I'd barely processed this sequence when I was then hit by the really weird sex scene that occur two thirds in. Kesner is carried into a bedroom by her furry love interest while bathed in soft coloured light. He gently rests her on the bed and pulls out his... wait for it... butterfly knives. Knives that he uses to cut open her clothing in an unsettling passive-aggressive way. To be fair, she looks just as confused as we the audience feel. Once the bra comes off that confusion turns to, well, a punch in the guy's face. Not a playful slap, or a flirty jab but a full, hard Bruce Lee backhand to the mush. So hard is it the guy flies off the bed and across the room. She then allows him back on the bed and sets about using a knife of her own to cut off his pants. From that point on the sex is relatively straight forward.


I like this scene. Granted, the production of the knife did threaten to turn the sequence down a murky and unpleasant alley and it is constructed for us to ogle her naked body far more than his. It's her reaction, however, that declares she is in control and will not have anything done to her that she won't be able to do to him. Plus, it's just weird enough to make what might have been a fairly cliche beat a little more memorable.

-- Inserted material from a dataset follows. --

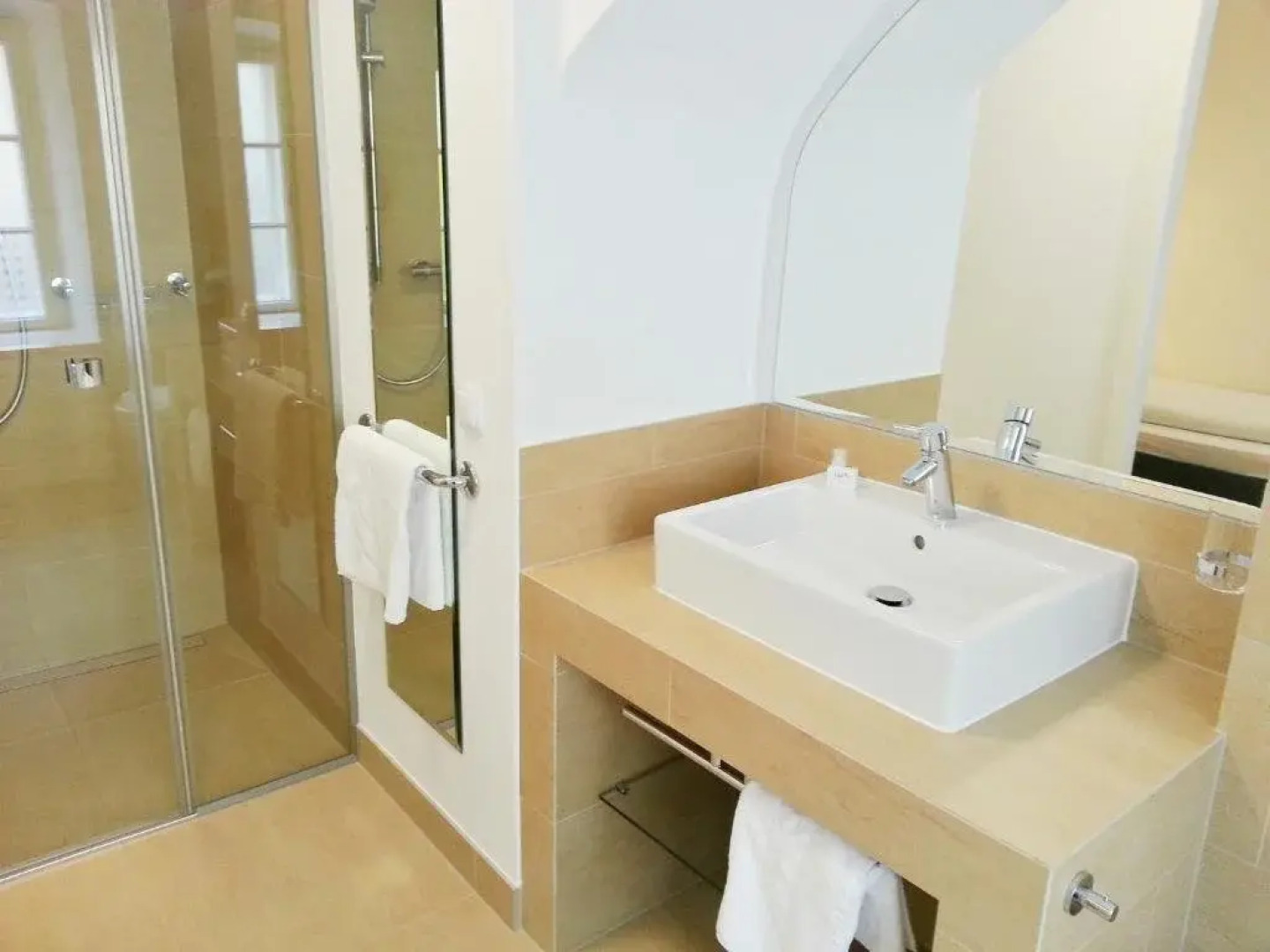 Madar Café Restaurant zum Fürsten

The film will make a nice double bill with Santiago's T.N.T. Jackson, a fun blaxploitation movie about a female martial artist hunting down her brother's killer. It too features a number off fun fights, a nicely executed gore moment (T.N.T. Jackson features an arm being broken in two, complete with blood spurt, while Firecracker features a face to a rotary blade kill) and both compete to win the coveted weird topless fight scene award. T.N.T. Jackson just about wins because that scene involves her stripping down to her pants and turning the light off so she appears invisible and is therefore ill-advised on not just a gender level but on a racial one as well.

Even these moments of shameless exploitation are ultimately harmless and to a degree oddly badass. Certainly nothing to leave you feeling grimy. Both movies are fun, short (always a bonus) and full of back-to-back marital arts action of a pretty good standard.




Unfortunately, despite being Directed by Cirio H. Santiago neither movie adds any more to the Slade mythology.